The new Patient Protection and Affordable Care Act (PPACA) coverage expansion efforts may be leaving some U.S. consumers with moderately high incomes cold.
Analysts at the Urban Institute and the Employee Benefit Research Institute (EBRI) have data on uninsured Americans with high, or relatively high, incomes in two new reports.
A team led by Matthew Buettgens, a mathematician at the Urban Institute, has published state-by-state data on the percentage of people who signed up for individual coverage through the PPACA public exchange system in a review of exchange signup rates.
PPACA provides rich individual insurance premium tax credit subsidies for low-income people but phases out the subsidies for higher-consumers who earn more than 400 percent of the federal poverty level (FPL).
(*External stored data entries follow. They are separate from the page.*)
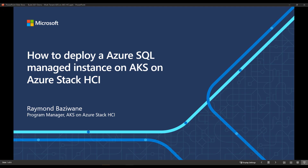Hi, my name is Raymond Baziwani. I'm a program manager on the AKS on Azure Stack HCI team at Microsoft. In this demo, I'll be showing you how to deploy Azure SQL managed instance on AKS HCI.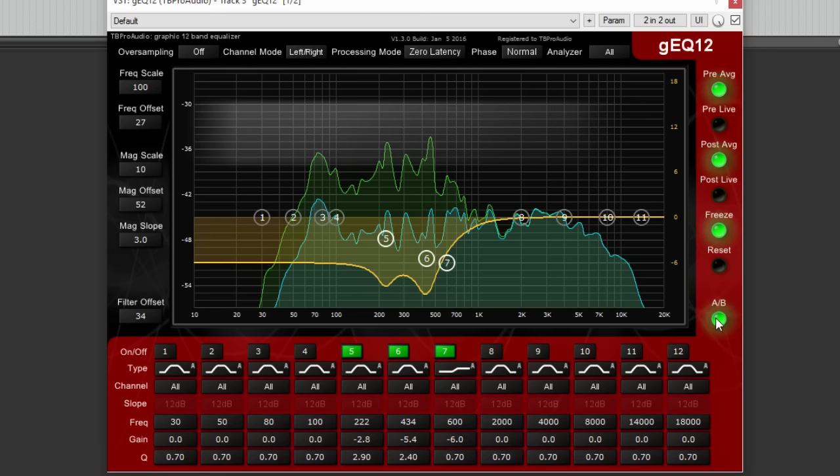Okay, that was all for now. Let's listen to the new EQ curve.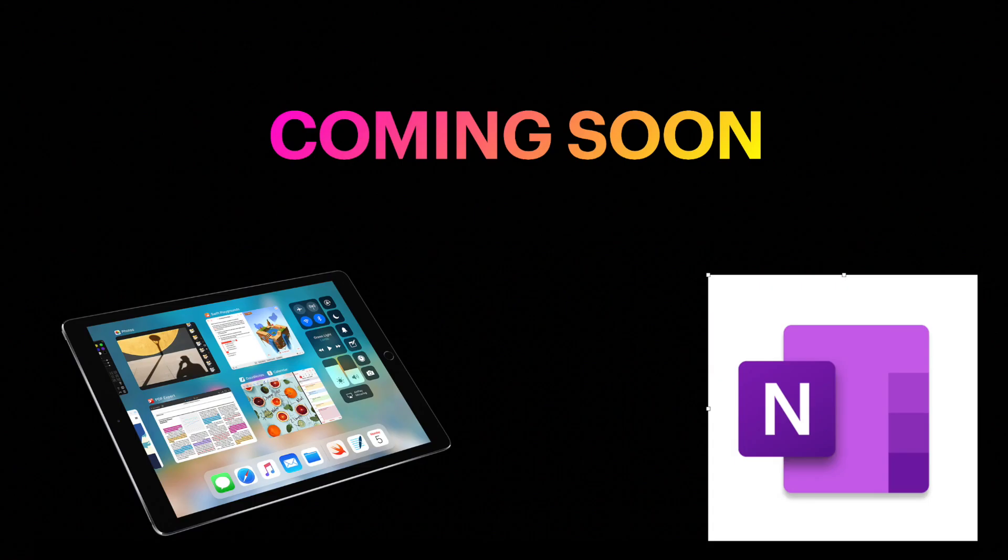In the next video, you will learn how to use the functions in the OneNote app.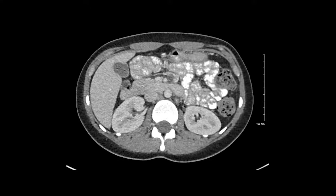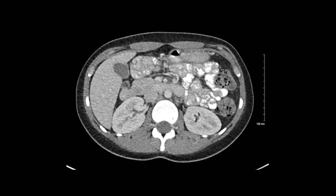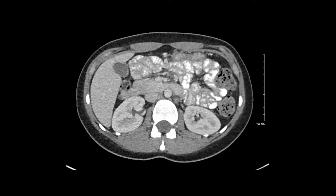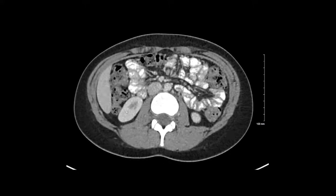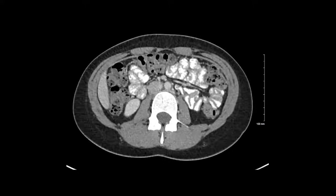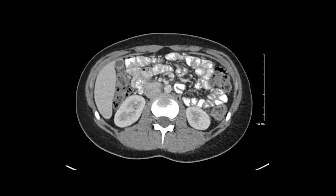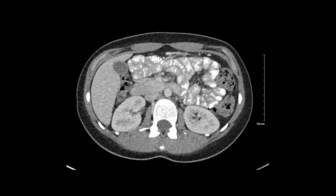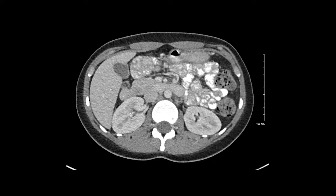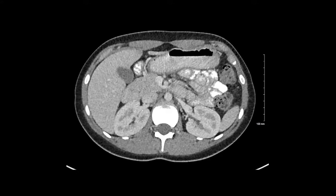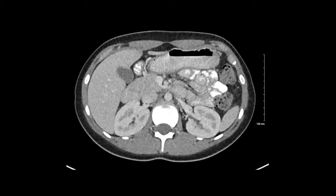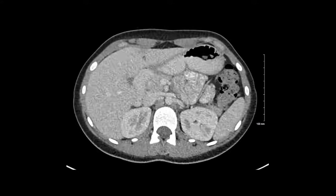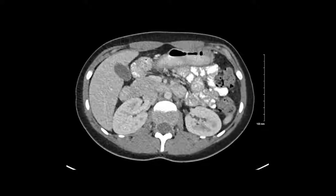In the kidneys, I'm looking for normal cortical medullary differentiation. I'm looking for evidence of cysts, nodules, or masses. I'm looking at the collecting system for any evidence of hydronephrosis, and I'm going to do that for both the right and left kidney.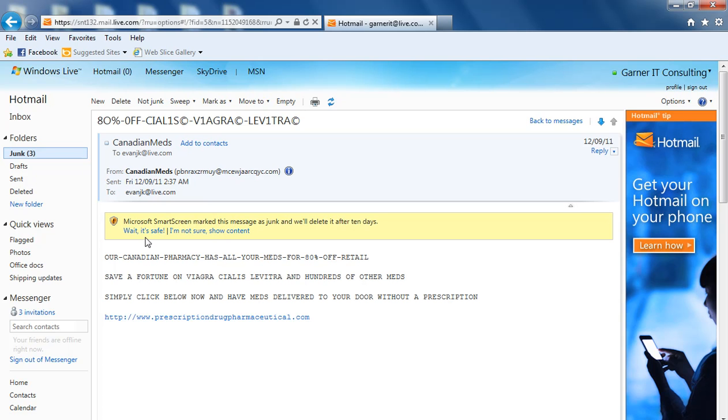That way, if any further emails come from this address, it will automatically go into your inbox. We definitely don't want to do that for this email address, but that is how you click on that 'it's safe.'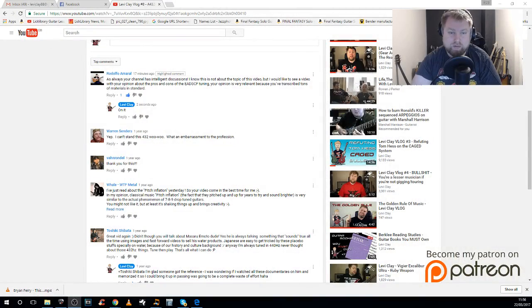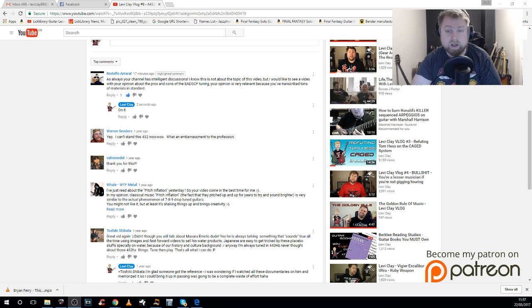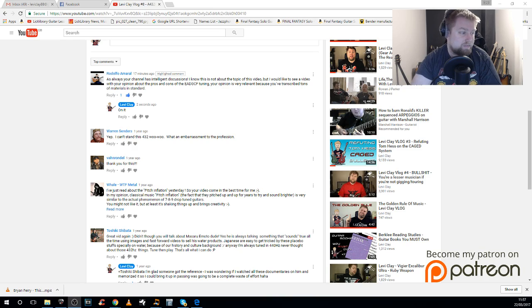This video comes to you via a question from a chap by the name of Rodolfo Amaral. He writes: 'Your channel has intelligent discussions. I know this is not about the topic of this video, but I would like to see a video with your opinion about the pros and cons of the EADGCF tuning. Your opinion is very relevant because you've transcribed tons of materials in standard.' Great question.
The Urban Institute team found that only about 14 percent of eligible uninsured or underinsured people with incomes between 300 percent of the FPL and 400 percent of the FPL paid for PPACA exchange coverage this year nationwide. For all eligible uninsured people with incomes under 400 percent of FPL, the exchange plan signup rate has been about 46 percent.
At the state level, signup rates for people in the category for people with incomes from 300 percent of FPL to 400 percent of FPL have ranged from a low of 5.3 percent in Mississippi to a high of 24.2 percent in Maine.